→ What you will do
Copy out the full data exactly as given; pictures should not be included.

(Records from a data collection)
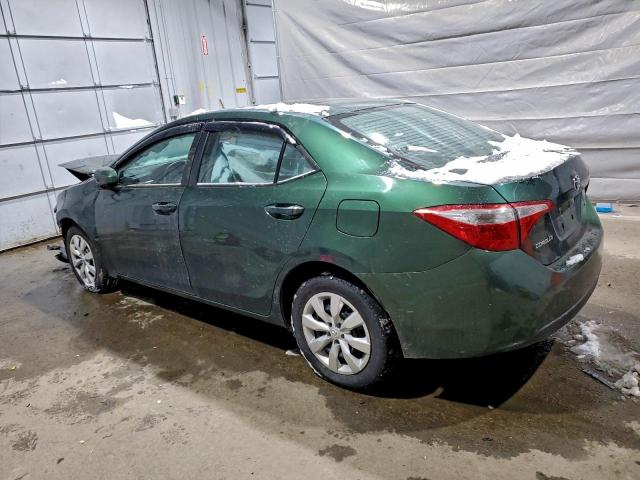 Toyota Corolla L Image 5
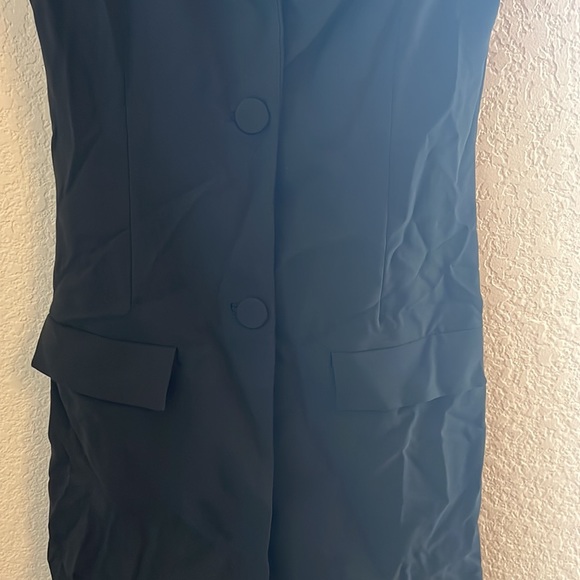 NBD Josefina Mini Dress black size small - Picture 6 of 9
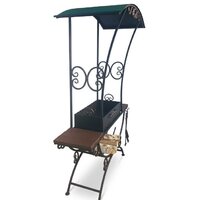 Мангал для дачи СтальСнабДизайн МК-2 - Превью изображения №3 — Интернет-магазин Time-Shop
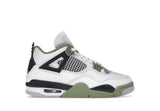 Jordan 4 Retro Seafoam (Women's)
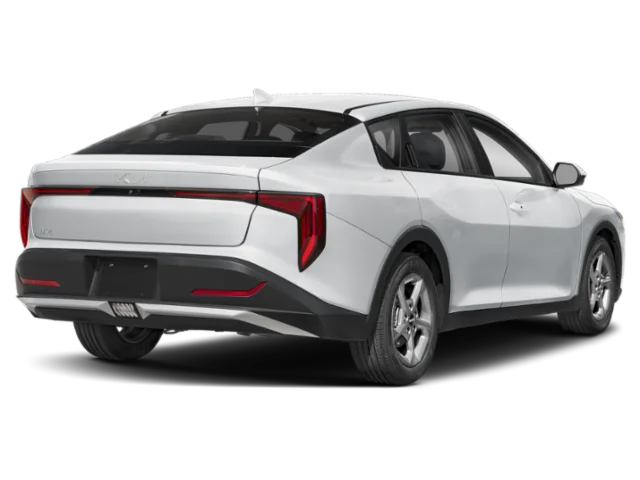 New 2027 Snow White Pearl Kia LXS image 2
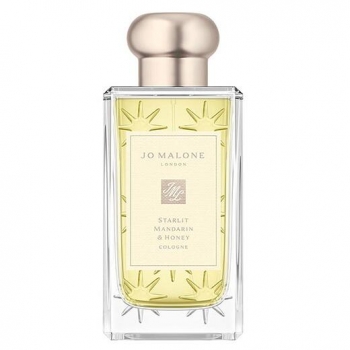 JO MALONE LONDON STARLIT MANDARIN & HONEY COLOGNE 100ml  祖·玛珑香水（星光柑橘与蜂蜜香型）100ml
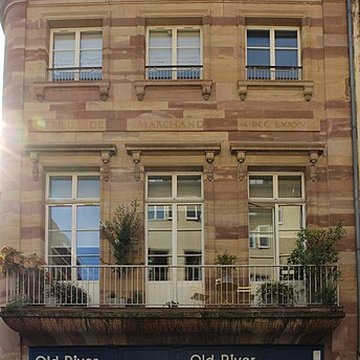 Hôtel de la Tribu des Marchands au Strasbourg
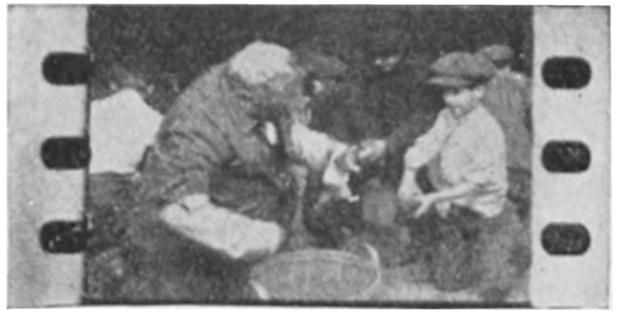 Single film picture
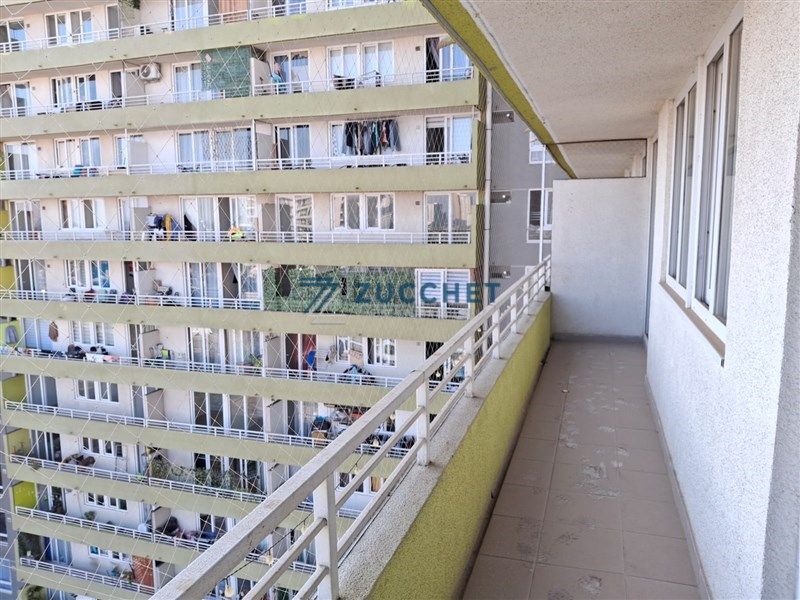 Departamento en Quinta Normal en venta, código 5373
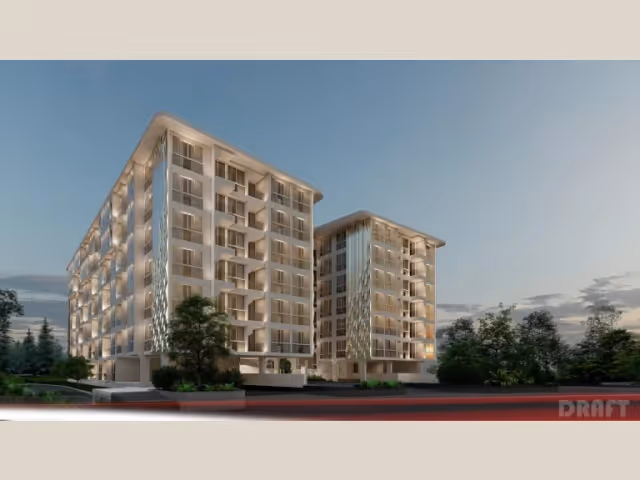 Utopia Urban Glam - compact two-bedroom apartments in Phuket - 3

→ Finished task
 Toyota Corolla L Image 5
 NBD Josefina Mini Dress black size small - Picture 6 of 9
 Мангал для дачи СтальСнабДизайн МК-2 - Превью изображения №3 — Интернет-магазин Time-Shop
 Jordan 4 Retro Seafoam (Women's)
 New 2027 Snow White Pearl Kia LXS image 2
 JO MALONE LONDON STARLIT MANDARIN & HONEY COLOGNE 100ml  祖·玛珑香水（星光柑橘与蜂蜜香型）100ml
 Hôtel de la Tribu des Marchands au Strasbourg
 Single film picture
 Departamento en Quinta Normal en venta, código 5373
 Utopia Urban Glam - compact two-bedroom apartments in Phuket - 3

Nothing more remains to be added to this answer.